DATASET START
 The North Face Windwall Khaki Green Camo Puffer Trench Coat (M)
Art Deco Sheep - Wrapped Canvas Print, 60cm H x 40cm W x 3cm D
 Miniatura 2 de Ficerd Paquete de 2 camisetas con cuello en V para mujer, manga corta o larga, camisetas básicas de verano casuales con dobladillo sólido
DATASET END
DATASET START
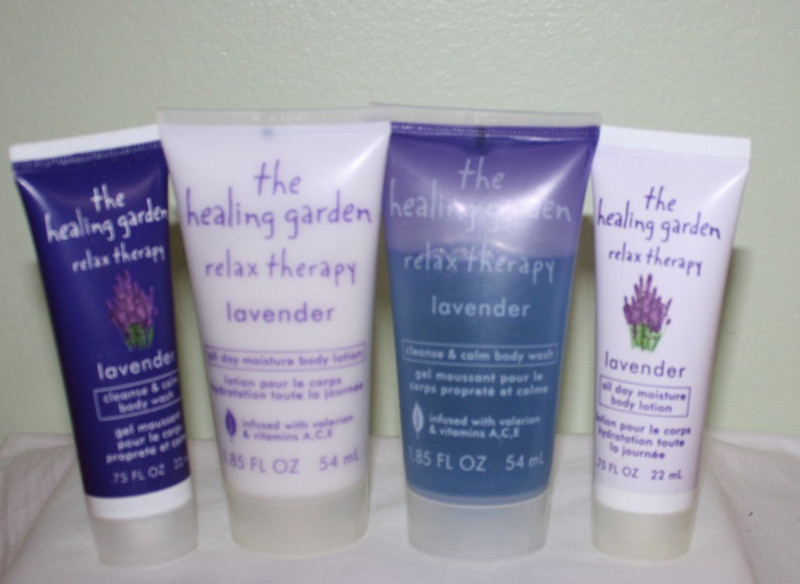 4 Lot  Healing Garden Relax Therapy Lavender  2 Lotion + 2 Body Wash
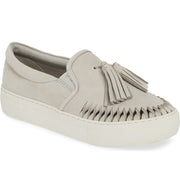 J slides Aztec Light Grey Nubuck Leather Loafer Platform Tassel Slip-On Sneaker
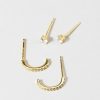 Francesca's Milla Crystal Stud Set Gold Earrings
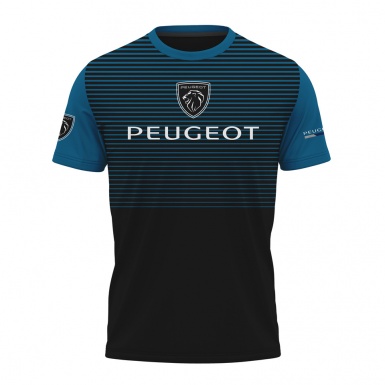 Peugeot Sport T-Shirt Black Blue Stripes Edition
DATASET END
Each line in the entries above, starting at the line with "The North Face" and ending at the line with "Miniatura 2 de", is to be printed exactly, and only those lines.

 The North Face Windwall Khaki Green Camo Puffer Trench Coat (M)
Art Deco Sheep - Wrapped Canvas Print, 60cm H x 40cm W x 3cm D
 Miniatura 2 de Ficerd Paquete de 2 camisetas con cuello en V para mujer, manga corta o larga, camisetas básicas de verano casuales con dobladillo sólido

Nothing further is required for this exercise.